Problem> Copy the records below exactly, starting at the line that contains "IAB0427 Iowa License Plate" and ending at the line that contains "4NM Metal No"; leave out any pictures.

Data for the task>
******

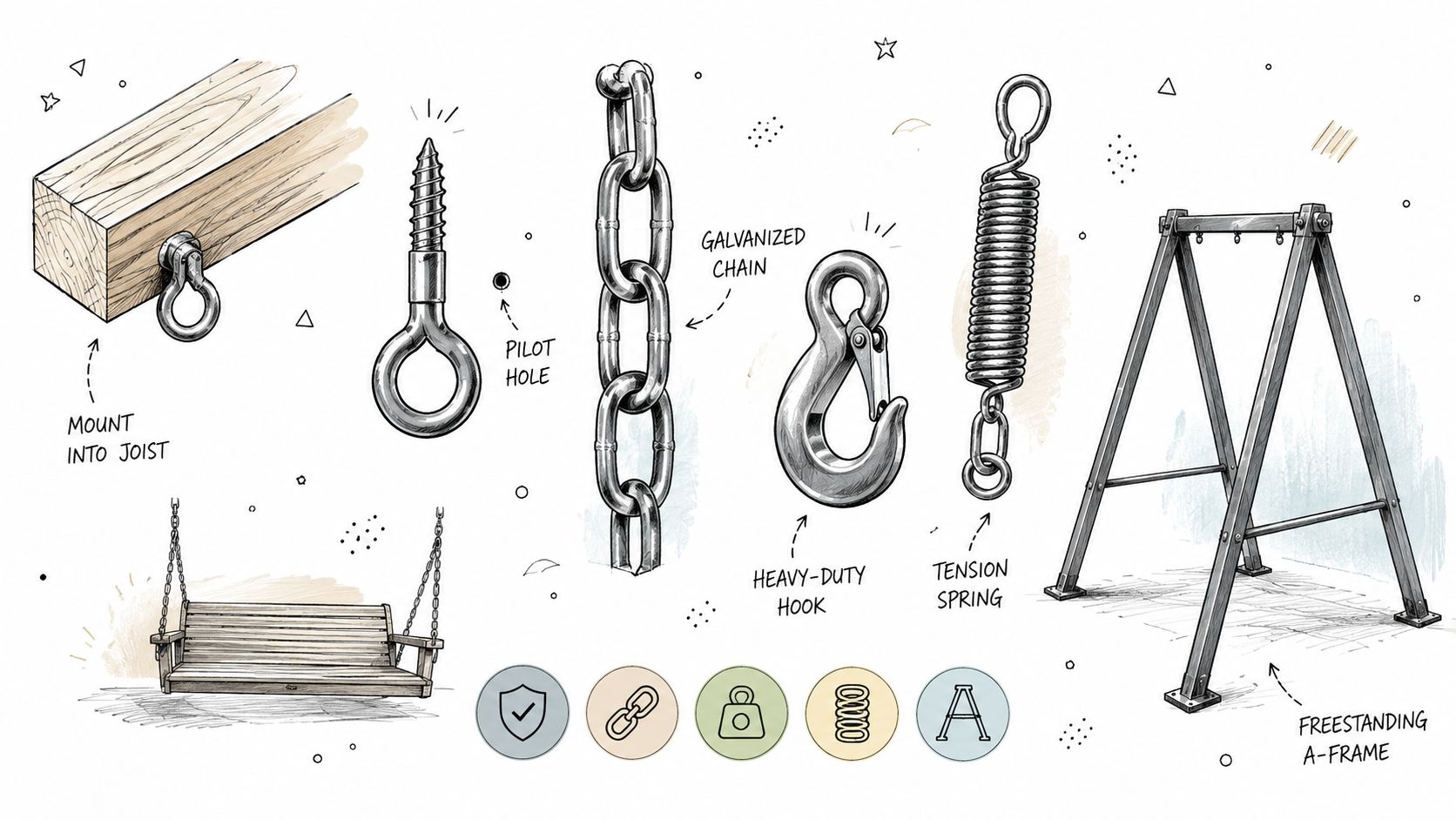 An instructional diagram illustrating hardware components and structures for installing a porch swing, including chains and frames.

******

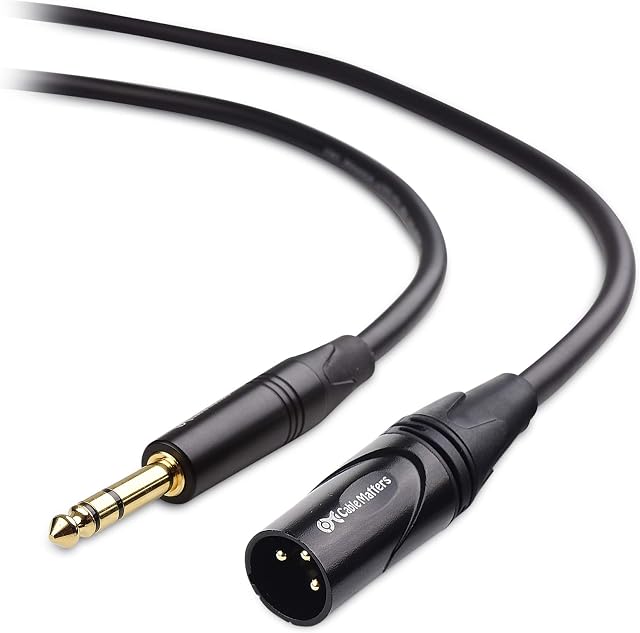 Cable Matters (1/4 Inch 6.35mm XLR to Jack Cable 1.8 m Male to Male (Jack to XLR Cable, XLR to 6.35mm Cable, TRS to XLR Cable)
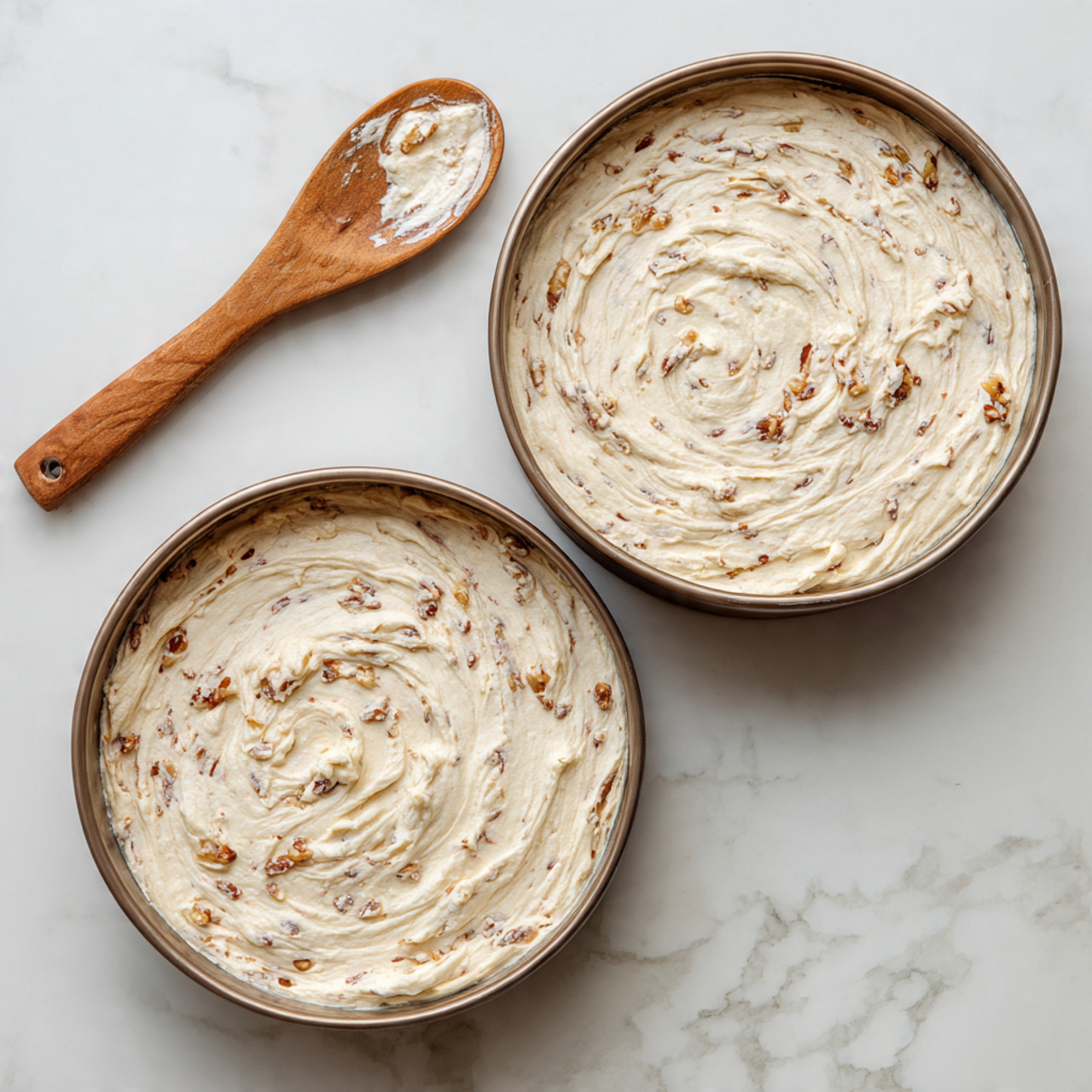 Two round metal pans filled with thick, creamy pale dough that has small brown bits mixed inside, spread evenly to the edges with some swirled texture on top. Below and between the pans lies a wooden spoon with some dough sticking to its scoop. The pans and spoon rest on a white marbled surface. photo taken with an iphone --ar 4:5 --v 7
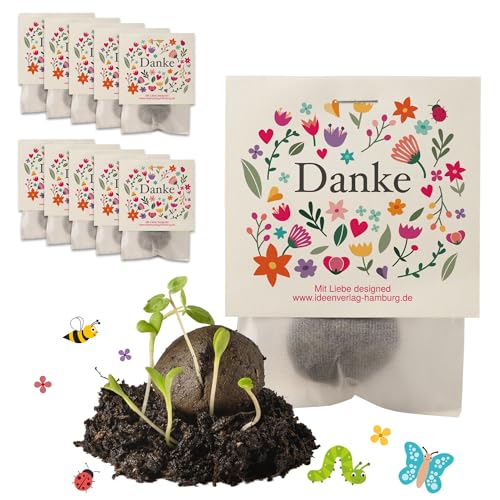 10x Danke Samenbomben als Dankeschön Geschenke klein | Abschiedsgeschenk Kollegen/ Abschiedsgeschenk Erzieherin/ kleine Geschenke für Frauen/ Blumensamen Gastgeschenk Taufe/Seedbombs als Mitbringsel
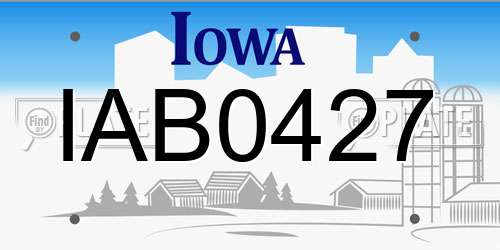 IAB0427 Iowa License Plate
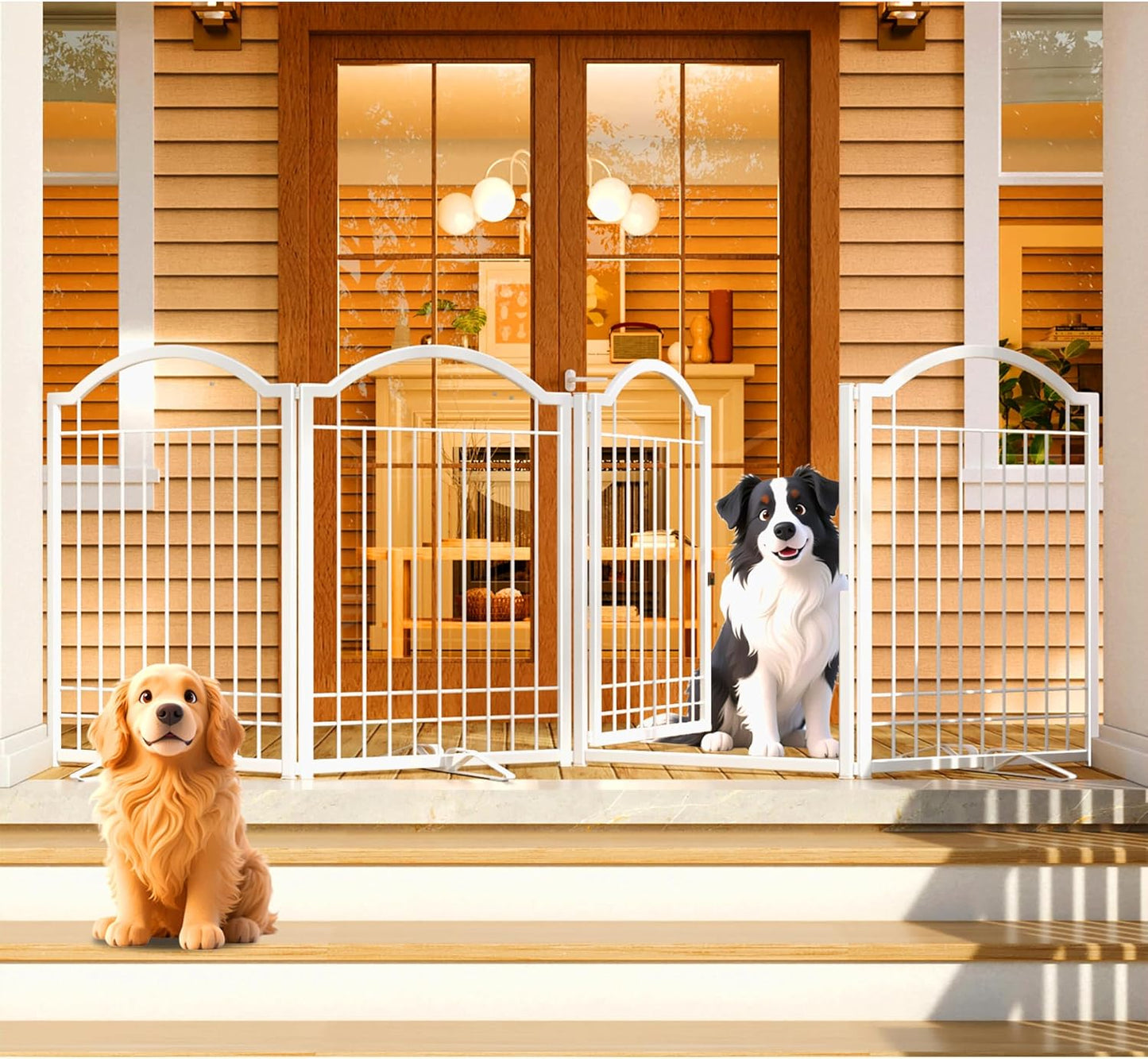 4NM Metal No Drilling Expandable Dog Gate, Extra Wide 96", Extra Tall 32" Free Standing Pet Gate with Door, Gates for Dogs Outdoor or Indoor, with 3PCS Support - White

******

Solution to the problem>
 IAB0427 Iowa License Plate
 4NM Metal No Drilling Expandable Dog Gate, Extra Wide 96", Extra Tall 32" Free Standing Pet Gate with Door, Gates for Dogs Outdoor or Indoor, with 3PCS Support - White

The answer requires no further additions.